How MCS Technologies are Reducing Artisanal Gold Mining Emissions
Gold is a beautiful commodity which sadly does not come mined from the ground without its consequences. Artisanal and small-scale gold mining and refining is responsible for the largest releases of mercury into the environment and atmosphere than any other global sectors. Approximately 400 metric tonnes of airborne elemental mercury is released each year by these sources, which can be incredibly detrimental to our health and our surroundings.
(Liquid mercury, image courtesy of Global Environmental Facility)

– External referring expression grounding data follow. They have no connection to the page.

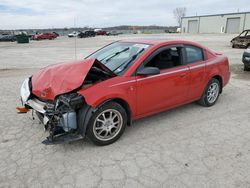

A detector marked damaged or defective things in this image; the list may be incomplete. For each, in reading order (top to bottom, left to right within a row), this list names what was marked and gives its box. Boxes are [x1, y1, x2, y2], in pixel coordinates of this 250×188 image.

damaged hood [31, 58, 115, 100]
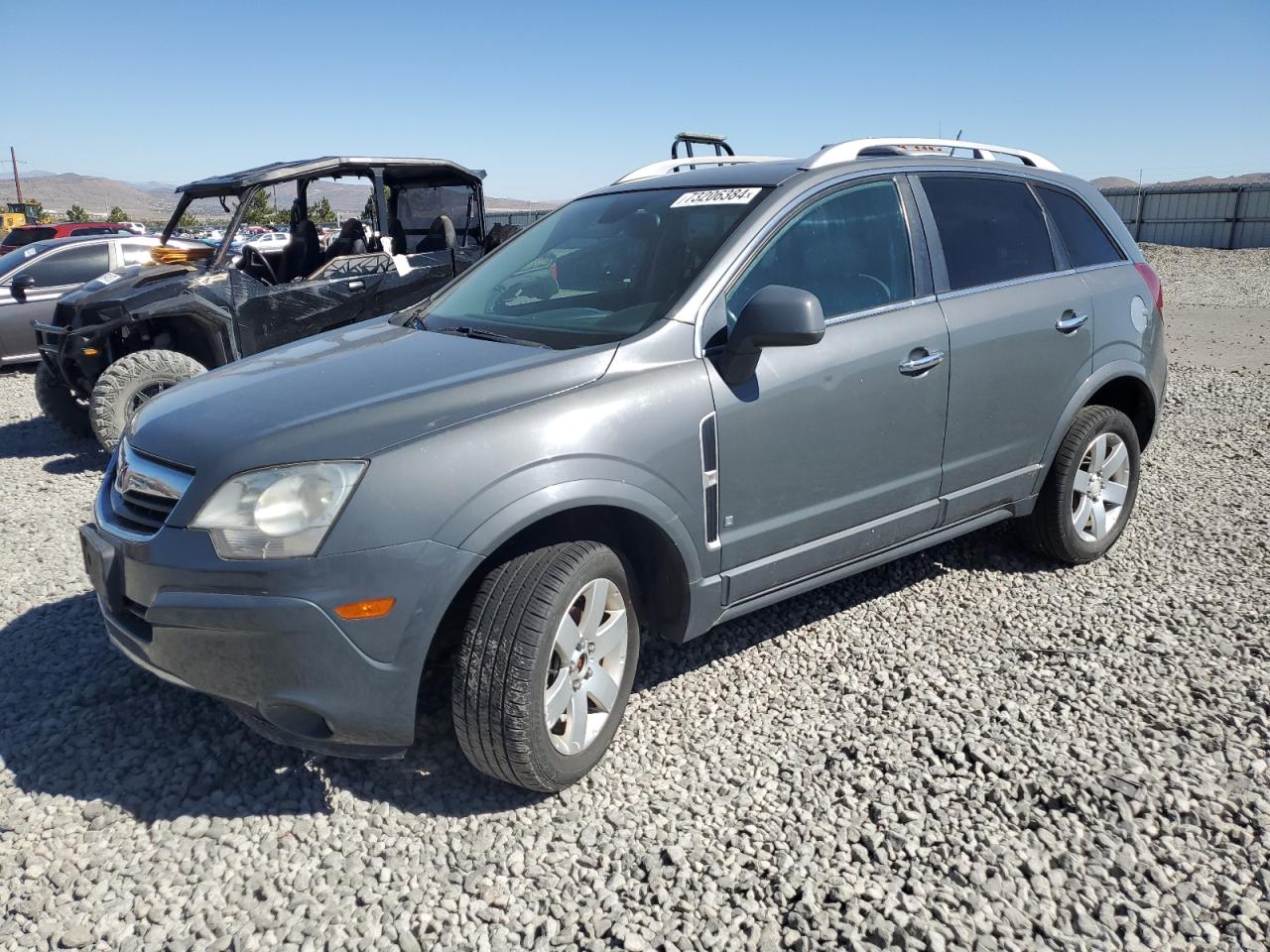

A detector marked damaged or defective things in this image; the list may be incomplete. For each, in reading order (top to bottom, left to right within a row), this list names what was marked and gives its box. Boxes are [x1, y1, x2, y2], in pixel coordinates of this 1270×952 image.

damaged utv [35, 157, 490, 451]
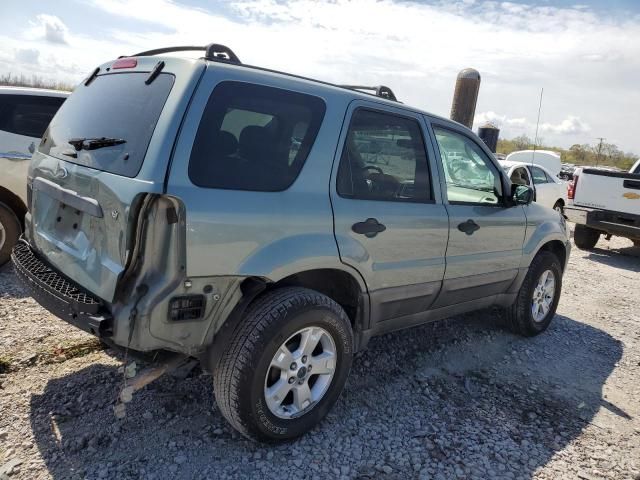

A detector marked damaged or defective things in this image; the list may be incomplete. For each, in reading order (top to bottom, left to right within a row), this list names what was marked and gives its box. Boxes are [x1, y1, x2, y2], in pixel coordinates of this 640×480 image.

rear bumper missing [10, 240, 113, 338]
damaged suv rear [11, 43, 568, 440]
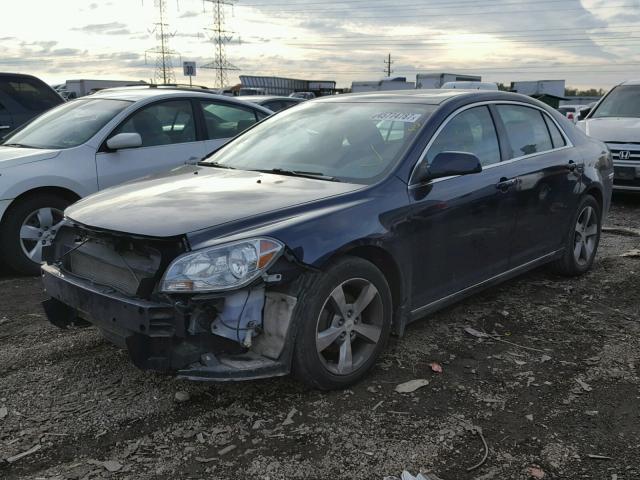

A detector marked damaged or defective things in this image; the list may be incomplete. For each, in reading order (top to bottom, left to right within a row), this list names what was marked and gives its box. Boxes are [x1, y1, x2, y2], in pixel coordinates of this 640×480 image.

cracked front bumper [44, 264, 292, 380]
front collision damage [40, 222, 310, 382]
broken headlight assembly [160, 237, 282, 292]
damaged blue sedan [42, 90, 612, 390]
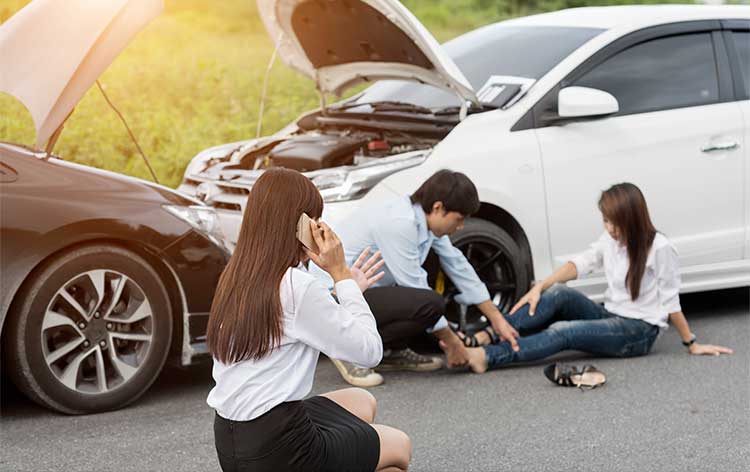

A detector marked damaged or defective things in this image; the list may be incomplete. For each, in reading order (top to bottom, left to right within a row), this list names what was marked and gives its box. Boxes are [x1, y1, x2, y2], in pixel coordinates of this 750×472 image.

damaged vehicle [179, 2, 748, 328]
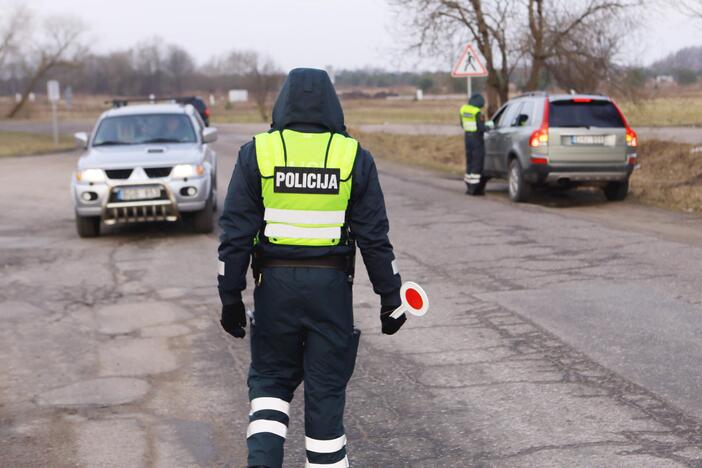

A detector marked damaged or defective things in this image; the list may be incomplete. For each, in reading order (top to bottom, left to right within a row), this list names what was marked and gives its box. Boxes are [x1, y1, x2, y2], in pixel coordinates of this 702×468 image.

cracked asphalt [1, 126, 702, 466]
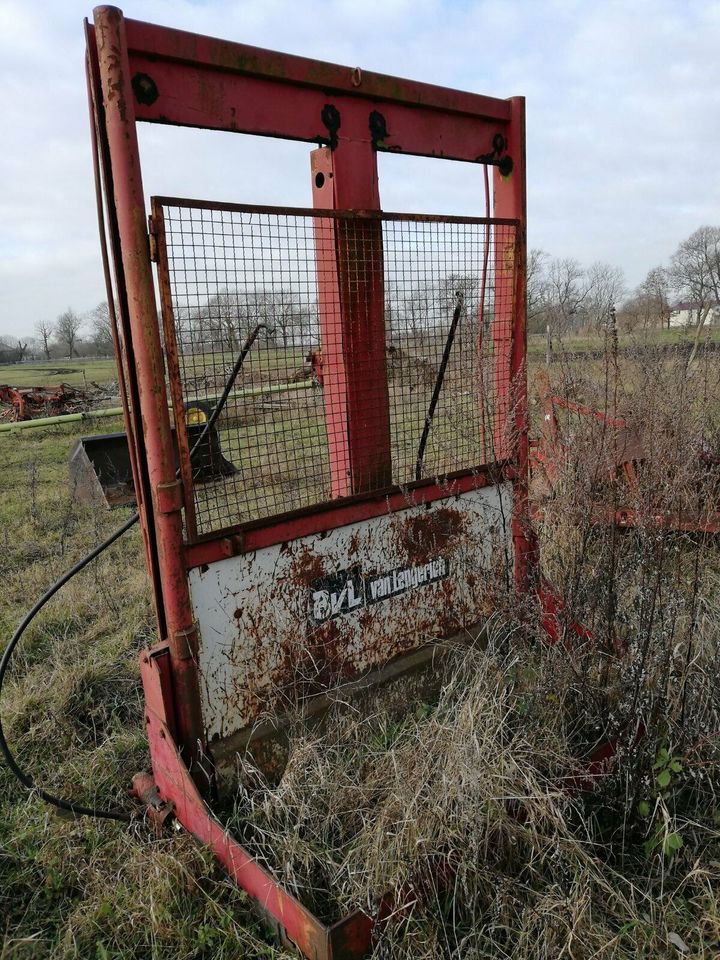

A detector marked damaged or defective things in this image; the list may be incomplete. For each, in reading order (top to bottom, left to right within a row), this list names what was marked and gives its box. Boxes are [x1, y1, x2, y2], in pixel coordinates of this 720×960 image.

rusted steel beam [93, 3, 204, 772]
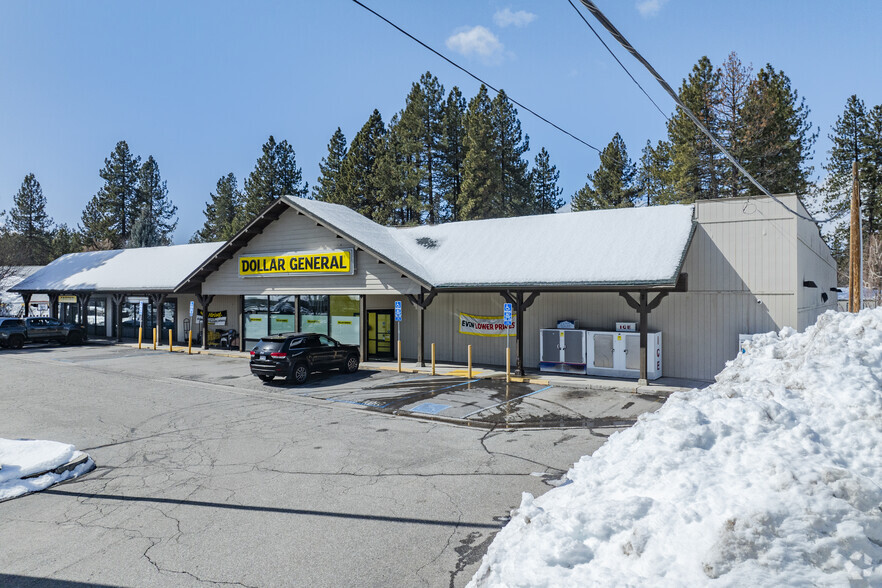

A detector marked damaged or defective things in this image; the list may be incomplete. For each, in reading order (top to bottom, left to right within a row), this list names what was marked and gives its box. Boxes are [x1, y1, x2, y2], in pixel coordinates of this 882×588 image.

cracked pavement [0, 344, 660, 588]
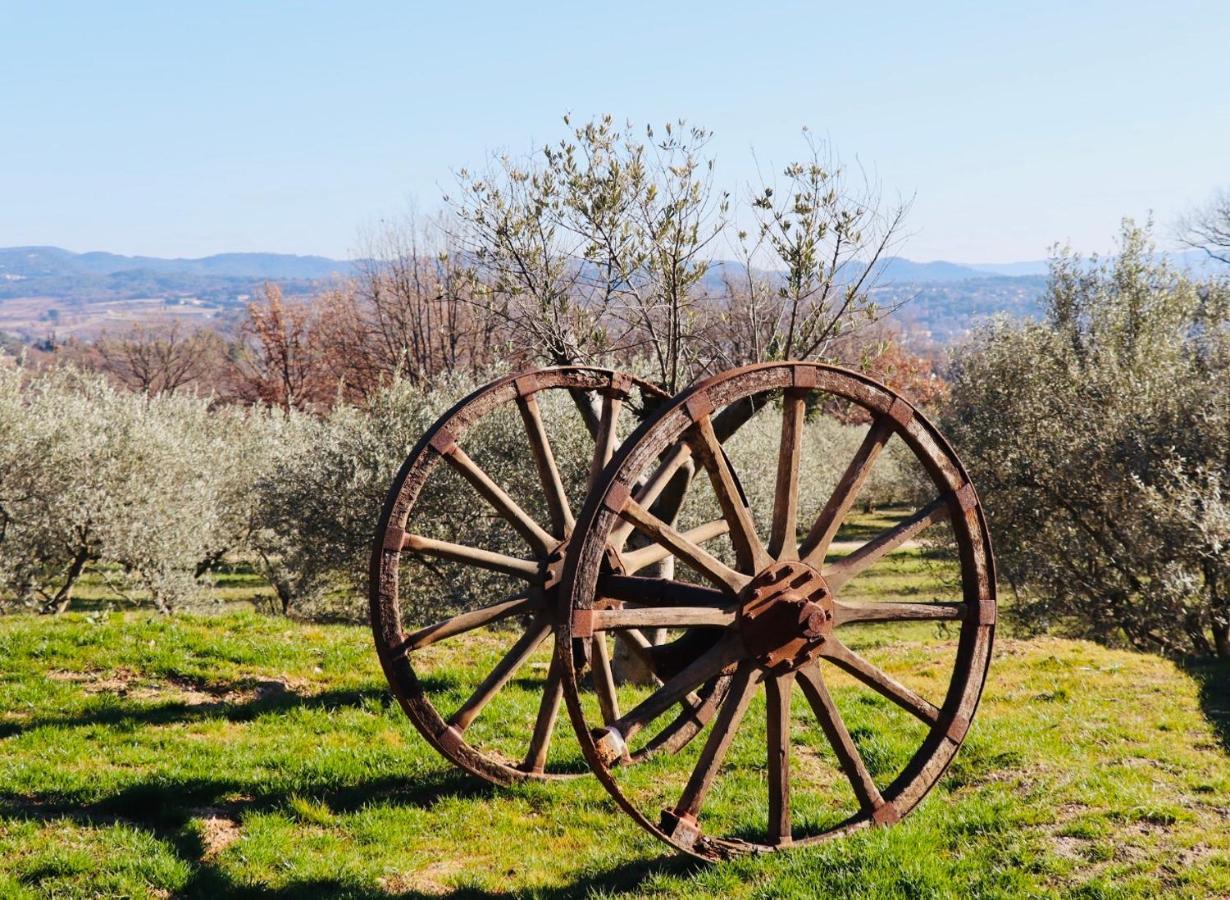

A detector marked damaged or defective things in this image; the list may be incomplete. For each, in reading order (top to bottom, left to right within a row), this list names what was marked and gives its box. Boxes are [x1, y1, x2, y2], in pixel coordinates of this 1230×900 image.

rusty iron wheel rim [364, 363, 728, 781]
rusty iron wheel rim [563, 361, 993, 855]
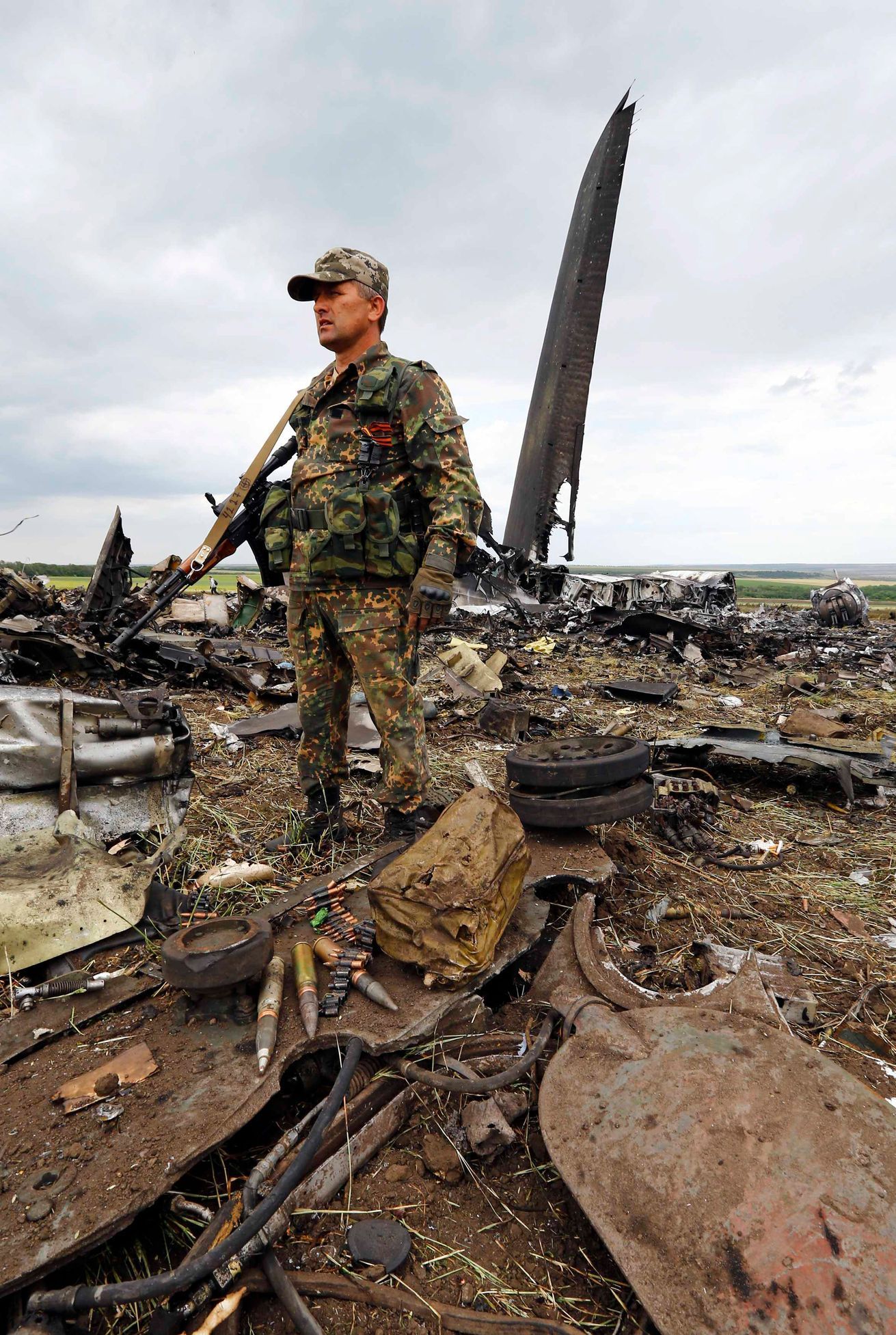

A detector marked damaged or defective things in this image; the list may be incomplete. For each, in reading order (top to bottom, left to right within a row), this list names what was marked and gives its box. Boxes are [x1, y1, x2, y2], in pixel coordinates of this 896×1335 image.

charred metal panel [504, 92, 638, 563]
charred metal panel [79, 507, 132, 622]
rusted metal plate [0, 891, 547, 1297]
rusted metal plate [542, 1003, 896, 1330]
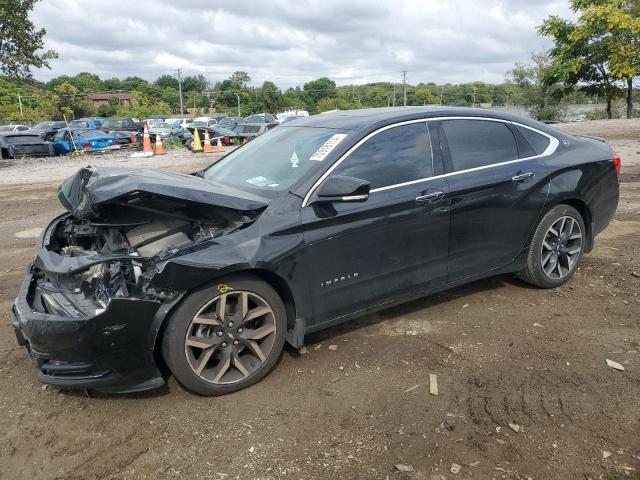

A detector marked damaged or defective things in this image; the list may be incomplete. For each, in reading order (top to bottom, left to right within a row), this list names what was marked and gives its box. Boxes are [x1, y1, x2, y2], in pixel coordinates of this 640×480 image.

damaged front end [12, 167, 268, 392]
crumpled hood [57, 165, 270, 218]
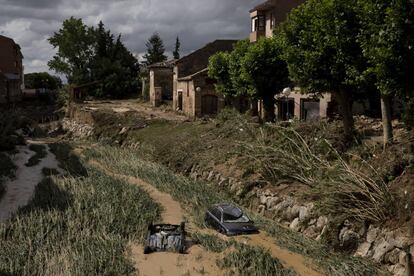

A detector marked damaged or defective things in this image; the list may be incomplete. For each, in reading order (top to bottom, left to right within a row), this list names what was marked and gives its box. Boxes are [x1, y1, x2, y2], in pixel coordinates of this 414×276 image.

flood-damaged building [0, 34, 23, 104]
flood-damaged building [171, 40, 236, 117]
overturned vehicle [144, 222, 186, 254]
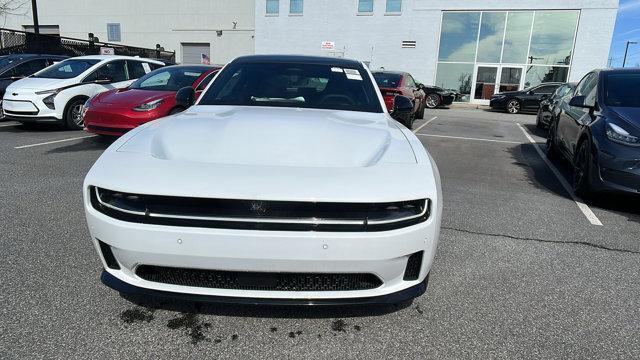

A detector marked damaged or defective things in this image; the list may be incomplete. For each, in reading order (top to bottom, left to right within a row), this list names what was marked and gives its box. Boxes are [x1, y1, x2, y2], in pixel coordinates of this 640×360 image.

crack in asphalt [442, 226, 640, 255]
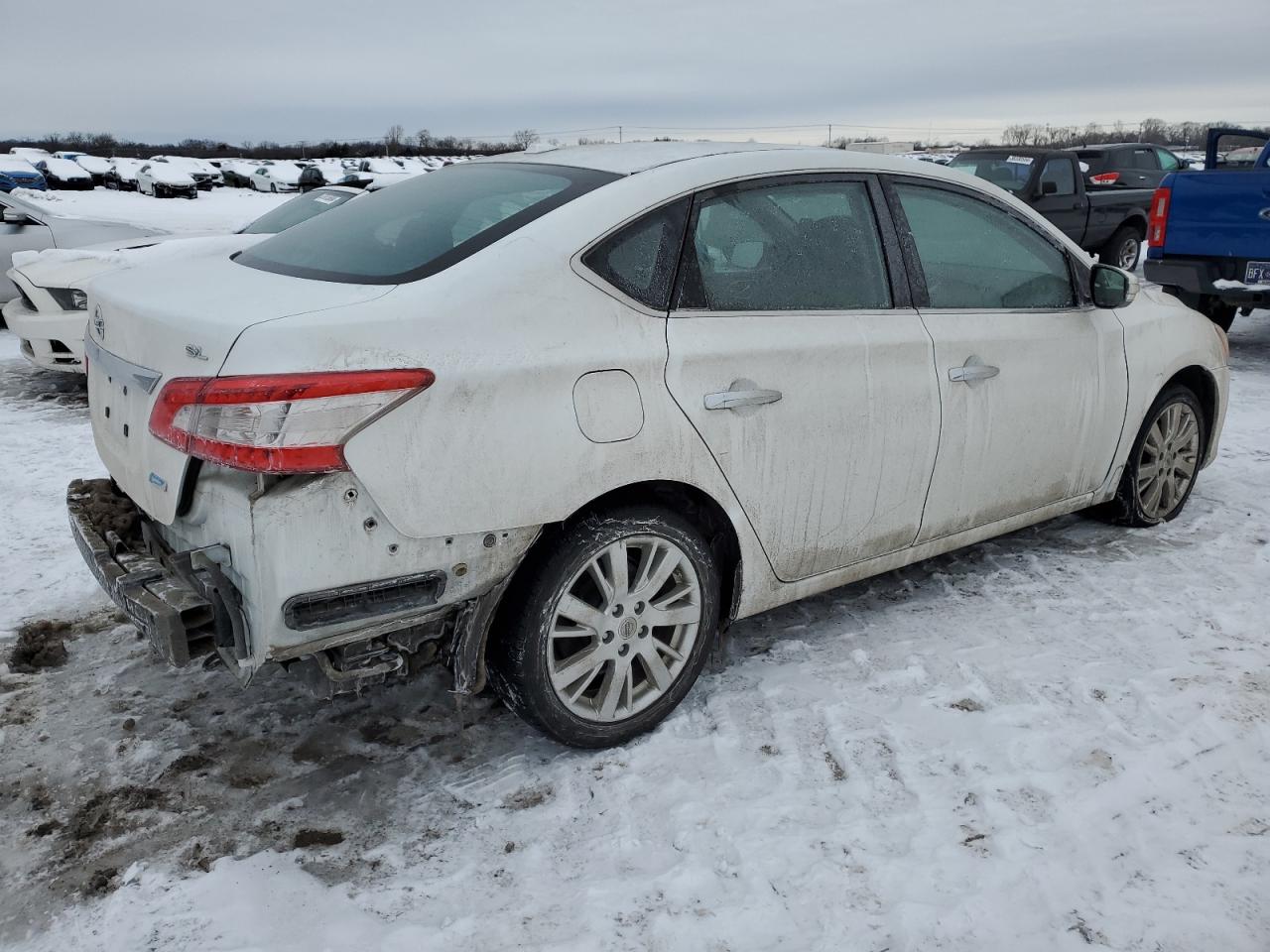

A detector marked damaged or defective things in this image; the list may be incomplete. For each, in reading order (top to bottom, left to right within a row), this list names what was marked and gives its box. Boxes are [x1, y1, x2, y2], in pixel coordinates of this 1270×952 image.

damaged rear bumper [66, 476, 233, 670]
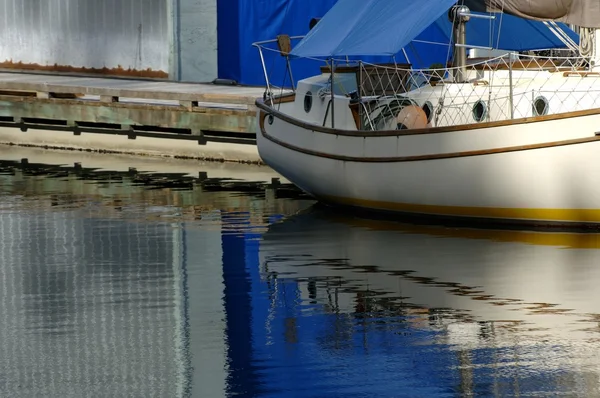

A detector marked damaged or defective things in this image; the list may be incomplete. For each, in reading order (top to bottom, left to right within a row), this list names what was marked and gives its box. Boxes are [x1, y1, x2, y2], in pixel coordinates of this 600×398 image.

Situated in over 55 countries worldwide, small scale gold buying and refining facilities (also known as ‘gold shops’) are an important part of the gold production process and are the major source of this air pollution. If inhaled or ingested, mercury poisoning can induce harmful health effects such as loss of vision, lack of coordination, change in nerve responses and muscle weakening. In serious cases, mercury poisoning can also damage your brain, heart, lungs, kidneys, and immune system.
To try and tackle these harmful metallic pollutants escaping into our atmosphere, the Environmental Protection Agency and Argonne National Laboratory have teamed up to create a low cost, easily constructable technology called the Gold Shop Mercury Capture System (or MCS). This system is constructed from a 55-gallon steel drum where mercury is cooled, condensed, and collected as liquid for safe management and storage. This technology is not only simple to construct, but also incredibly low cost and easy to transport.
(EPA Mercury Capture System, image courtesy of SlideShare)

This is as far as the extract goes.